Why Family Matters: We Need a Witness to Our Lives
Posted by BlueEyes1962 on 22 Mar 2008 at 12:38 pm | Tagged as: Pittsburgh Observations
Last night, Cathy Day gave a reading from her new book, Comeback Season: How I Learned to Play the Game of Love, at the Joseph Beth Booksellers in the Southside Works. She drew a large crowd – the booksellers kept having to bring out more chairs.
I went with a guy friend I met on Match.com, and saw a couple of familiar faces in the crowd, including Samatha Bennett, award winning columnist for the Pittsburgh Post Gazette, and fellow blogger Cynthia Closkey (My Brilliant Mistakes), but luckily no men from Match dates gone bad.
Cathy is very funny, and anyone who makes me laugh gets my $25 – I bought her book and started reading it last night. I already found passages that have rung really true for me. Here’s one:
“That’s when hits me. I’m not looking for dates in Pittsburgh. I’m not looking to get laid. I’m really not even looking for a husband. What I want, what I need is a family. This realization surprises the hell out of me, and something completely absurd and incongruous pops into my head [a scene from the movie Shall We Dance in which Susan Sarandon says:]
‘We need a witness to our lives. There’s a billion people on the planet…I mean, what does one life really mean? But in marriage, you’re promising to care about everything. The good things, the bad things, the terrible things, the mundane things, all of it, every day. You’re saying, “Your life will not go unnoticed because I will notice it. Your life will not go unwitnessed because I will witness it. ”
- Cathy Day, Comeback Season, page 37
I had struggled for years to get out of my marriage. Whenever I brought up the subject, my ex would say “I’m not leaving my kids. If you want out of this marriage, you leave.” Since I refused to leave my kids too, we’d reach an impasse.
We might have gone on forever, not realizing how unhappy we were, if he didn’t take 6 week long business trips each summer. When he was gone, I felt a weight lifted – I was lighter, more free, happy and when he came back I always crashed.
Finally, he agreed to leave.
This should have been a great victory for me but I found it very hard, and I couldn’t understand why. But I think this passage helps.
For 20 years I had a witness to my life, someone listened to me, someone who noticed. Now he might have noticed all the wrong things – like when I gained 5 pounds or had bitten down all my fingernails, or laughed too loud , or sat the wrong way, or befriended the “wrong” people. But I was still noticed by someone. I still counted.
When we separated, even though I stayed in the same house, with the same 3 kids, kept the same job, and outwardly had very little change to my daily life, I felt unanchored, like I was floating around lost.

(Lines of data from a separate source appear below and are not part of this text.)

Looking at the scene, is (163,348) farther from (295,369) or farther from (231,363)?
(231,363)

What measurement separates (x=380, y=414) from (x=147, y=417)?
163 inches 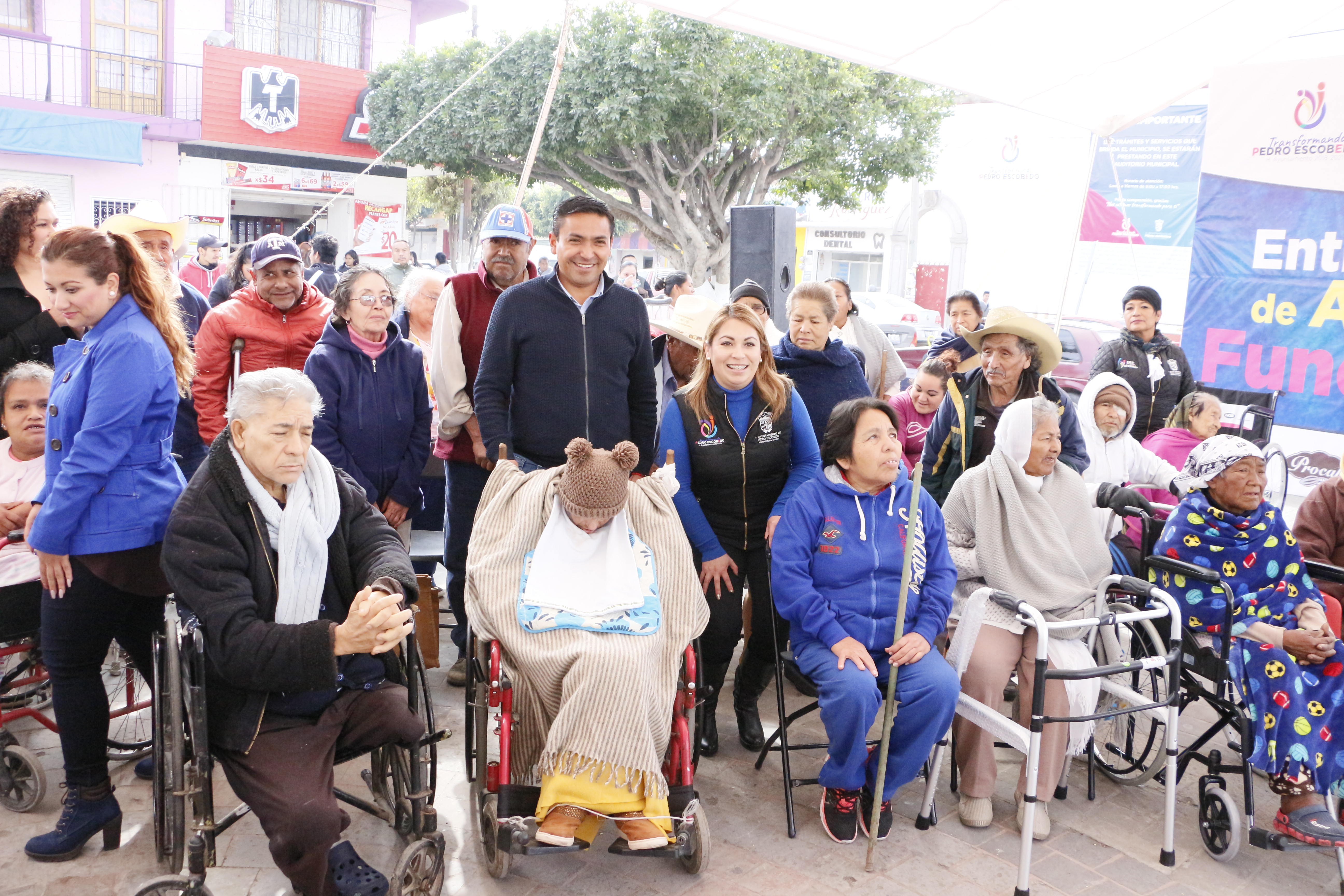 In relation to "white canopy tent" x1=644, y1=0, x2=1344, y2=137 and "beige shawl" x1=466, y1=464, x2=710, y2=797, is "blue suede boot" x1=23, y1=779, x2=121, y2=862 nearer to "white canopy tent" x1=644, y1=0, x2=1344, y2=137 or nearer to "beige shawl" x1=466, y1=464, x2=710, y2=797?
"beige shawl" x1=466, y1=464, x2=710, y2=797

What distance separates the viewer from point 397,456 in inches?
161

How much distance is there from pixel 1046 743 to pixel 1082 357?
27.6 feet

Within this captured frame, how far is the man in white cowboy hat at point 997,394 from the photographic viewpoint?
416cm

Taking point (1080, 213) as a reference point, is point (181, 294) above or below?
below

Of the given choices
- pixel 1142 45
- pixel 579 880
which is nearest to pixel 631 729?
pixel 579 880

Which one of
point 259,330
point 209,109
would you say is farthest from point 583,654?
point 209,109

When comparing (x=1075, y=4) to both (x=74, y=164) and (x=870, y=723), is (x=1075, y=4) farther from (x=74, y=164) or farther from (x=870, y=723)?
(x=74, y=164)

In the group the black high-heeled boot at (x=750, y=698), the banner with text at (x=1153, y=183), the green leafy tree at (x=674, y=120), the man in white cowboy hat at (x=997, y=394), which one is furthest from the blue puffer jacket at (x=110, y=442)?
the green leafy tree at (x=674, y=120)

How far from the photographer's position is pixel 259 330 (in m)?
4.16

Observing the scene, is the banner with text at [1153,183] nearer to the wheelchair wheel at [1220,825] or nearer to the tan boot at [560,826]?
the wheelchair wheel at [1220,825]

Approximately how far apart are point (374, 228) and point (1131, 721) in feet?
65.8

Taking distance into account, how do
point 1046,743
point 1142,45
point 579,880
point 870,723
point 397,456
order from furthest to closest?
point 1142,45
point 397,456
point 1046,743
point 870,723
point 579,880

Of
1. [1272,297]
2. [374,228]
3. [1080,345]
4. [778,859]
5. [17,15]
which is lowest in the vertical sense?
[778,859]

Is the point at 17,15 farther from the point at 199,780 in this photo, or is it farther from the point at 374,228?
the point at 199,780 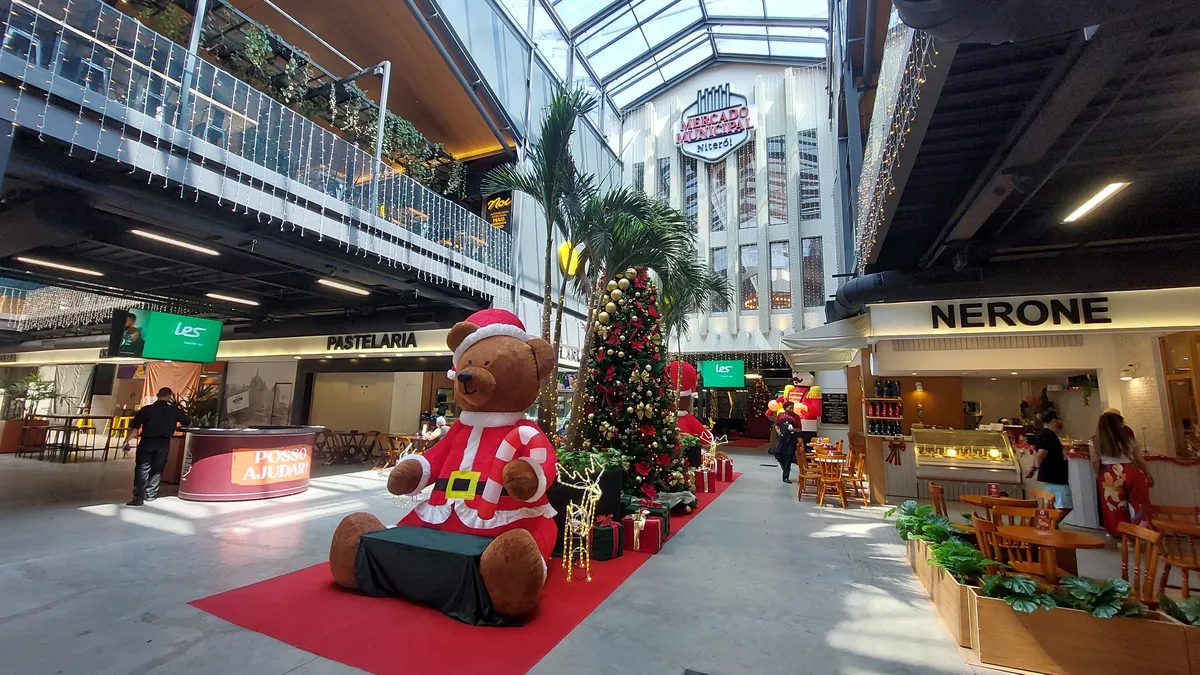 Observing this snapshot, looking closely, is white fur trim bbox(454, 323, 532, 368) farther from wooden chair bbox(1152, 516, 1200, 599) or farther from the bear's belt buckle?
wooden chair bbox(1152, 516, 1200, 599)

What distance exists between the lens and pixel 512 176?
243 inches

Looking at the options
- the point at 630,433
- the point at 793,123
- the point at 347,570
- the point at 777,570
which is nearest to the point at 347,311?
the point at 630,433

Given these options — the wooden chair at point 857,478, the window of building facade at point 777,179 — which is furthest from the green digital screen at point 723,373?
the wooden chair at point 857,478

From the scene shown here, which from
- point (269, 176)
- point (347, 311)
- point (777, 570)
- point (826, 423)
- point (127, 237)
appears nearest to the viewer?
point (777, 570)

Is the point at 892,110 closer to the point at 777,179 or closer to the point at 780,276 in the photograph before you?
the point at 780,276

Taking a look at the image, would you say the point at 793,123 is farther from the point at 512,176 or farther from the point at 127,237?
the point at 127,237

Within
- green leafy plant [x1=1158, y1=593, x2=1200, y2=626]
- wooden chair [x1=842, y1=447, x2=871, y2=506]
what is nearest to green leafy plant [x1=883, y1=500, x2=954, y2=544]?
green leafy plant [x1=1158, y1=593, x2=1200, y2=626]

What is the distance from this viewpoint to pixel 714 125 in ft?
62.5

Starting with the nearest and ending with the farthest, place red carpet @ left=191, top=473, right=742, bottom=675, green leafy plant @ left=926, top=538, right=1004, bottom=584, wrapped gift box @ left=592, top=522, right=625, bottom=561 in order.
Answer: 1. red carpet @ left=191, top=473, right=742, bottom=675
2. green leafy plant @ left=926, top=538, right=1004, bottom=584
3. wrapped gift box @ left=592, top=522, right=625, bottom=561

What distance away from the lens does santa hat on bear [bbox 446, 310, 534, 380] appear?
14.1 ft

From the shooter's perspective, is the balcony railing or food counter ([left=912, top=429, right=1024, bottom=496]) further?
food counter ([left=912, top=429, right=1024, bottom=496])

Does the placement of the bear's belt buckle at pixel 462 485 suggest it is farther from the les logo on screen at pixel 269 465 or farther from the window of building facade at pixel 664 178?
the window of building facade at pixel 664 178

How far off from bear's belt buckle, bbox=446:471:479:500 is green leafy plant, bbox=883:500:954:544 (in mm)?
3726

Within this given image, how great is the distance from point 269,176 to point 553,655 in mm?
6220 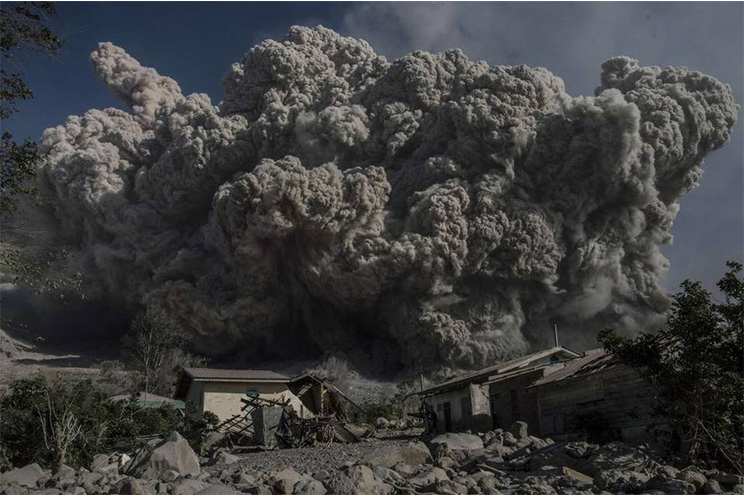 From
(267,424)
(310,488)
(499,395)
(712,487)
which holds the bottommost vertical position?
(712,487)

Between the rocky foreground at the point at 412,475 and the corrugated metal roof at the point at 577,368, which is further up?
the corrugated metal roof at the point at 577,368

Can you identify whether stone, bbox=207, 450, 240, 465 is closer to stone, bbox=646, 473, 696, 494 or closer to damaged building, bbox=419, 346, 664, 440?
damaged building, bbox=419, 346, 664, 440

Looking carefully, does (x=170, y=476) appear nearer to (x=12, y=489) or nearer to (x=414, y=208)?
(x=12, y=489)

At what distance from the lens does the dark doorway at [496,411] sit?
2197cm

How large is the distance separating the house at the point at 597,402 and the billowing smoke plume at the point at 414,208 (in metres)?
22.7

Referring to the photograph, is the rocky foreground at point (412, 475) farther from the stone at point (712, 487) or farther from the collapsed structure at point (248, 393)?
the collapsed structure at point (248, 393)

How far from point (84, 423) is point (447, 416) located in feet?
44.2

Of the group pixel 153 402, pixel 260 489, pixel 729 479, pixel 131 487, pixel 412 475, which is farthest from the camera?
pixel 153 402

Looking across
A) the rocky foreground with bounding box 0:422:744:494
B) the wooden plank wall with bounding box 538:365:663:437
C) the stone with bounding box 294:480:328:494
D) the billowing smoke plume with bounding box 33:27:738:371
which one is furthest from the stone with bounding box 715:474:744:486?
the billowing smoke plume with bounding box 33:27:738:371

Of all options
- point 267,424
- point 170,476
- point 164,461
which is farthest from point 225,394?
point 170,476

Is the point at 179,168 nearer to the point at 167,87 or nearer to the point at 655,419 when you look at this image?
the point at 167,87

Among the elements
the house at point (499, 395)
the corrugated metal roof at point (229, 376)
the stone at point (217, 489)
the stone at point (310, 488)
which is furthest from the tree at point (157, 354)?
the stone at point (310, 488)

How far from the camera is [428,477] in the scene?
10.5 metres

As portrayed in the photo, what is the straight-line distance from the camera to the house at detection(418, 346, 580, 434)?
20.4m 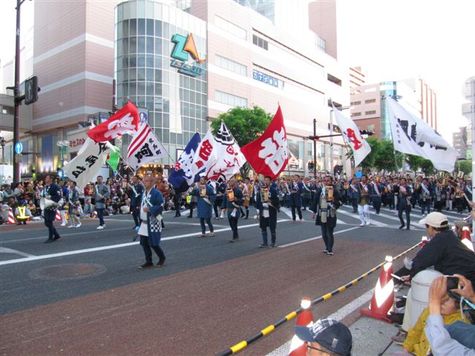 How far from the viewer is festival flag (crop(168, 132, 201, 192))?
15266mm

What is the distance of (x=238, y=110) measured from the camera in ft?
143

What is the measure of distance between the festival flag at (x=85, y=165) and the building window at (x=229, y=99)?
139 ft

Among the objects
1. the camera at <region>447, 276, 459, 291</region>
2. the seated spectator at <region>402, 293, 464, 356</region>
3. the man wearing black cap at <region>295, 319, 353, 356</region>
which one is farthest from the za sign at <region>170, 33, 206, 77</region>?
the man wearing black cap at <region>295, 319, 353, 356</region>

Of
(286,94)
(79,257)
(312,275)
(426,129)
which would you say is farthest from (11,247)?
(286,94)

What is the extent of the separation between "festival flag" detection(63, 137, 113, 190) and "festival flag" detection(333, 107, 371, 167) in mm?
7992

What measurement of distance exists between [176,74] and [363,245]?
41545 millimetres

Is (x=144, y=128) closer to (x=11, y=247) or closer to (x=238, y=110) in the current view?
(x=11, y=247)

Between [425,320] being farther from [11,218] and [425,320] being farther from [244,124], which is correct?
[244,124]

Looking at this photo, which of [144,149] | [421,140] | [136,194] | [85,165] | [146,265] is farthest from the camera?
[144,149]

Maybe part of that was not having someone who “had” to listen to what happened at the office today, or how Zack was doing in World History, or what piece of furniture the dog chewed.
My desire to blog might have come from the same need to have a witness to my life. And the blog has had a lot fewer entries lately, partly because I am in a relationship, which means I’ve got someone to listen to my stories again (even if his eyes do glaze over at times if I talk too much about office politics…)
As I read through Cathy’s book, I’ll give more comments. I think it’s great that we have a local writer who has a published book on online dating, especially one that’s so brutally honest – and in her own name.
It’s a lovely book, funny and sad and sweet and intelligent. I think most smart women and men will appreciate it.
I was glad to see you last night too! I’m glad you’re blogging again — you have a lot to share with us.
Great to meet you at the signing BlueEyes-sorry I didn’t catch your name before. I loved Cathy’s book just as much-I read it at the right time, after the guy I met about 6 months ago and was seeing off and on decided to go back to his ex girlfriend. Hmm, I guess I was just a bandaid for him while I wasted 6 months of my life pining for him. I guess even after this long, I’m learning a thing or two (or three…)Anyway, for anyone else reading out there, I’ve been doing online dating for about 12 (I thought it was 14) years, since the very first dating sites came out(which were ethnically oriented). Yes I’ve met a LOT of tadpoles, kissed a LOT of frogs and I still haven’t found the ONE. But hey, if I’m still going strong after this long, anyone can do it. So if anyone needs moral support, I’m here! And I definitely have some stories…
glad to see you’re back, glad to see you writing again. when you write about your experiences, instead of relaying things you’ve heard or been told, i am a witness to your life.
you are not unnoticed, uncared for, a stranger in a world of billions of people.
we, your readers, bear witness to your life. those of us who are divorced, with children, with exes living nearby know that we are not alone because of your willingness to share.
just finished a great book, looks like I’ve found my next read.
Happy Springtime, we all deserve it!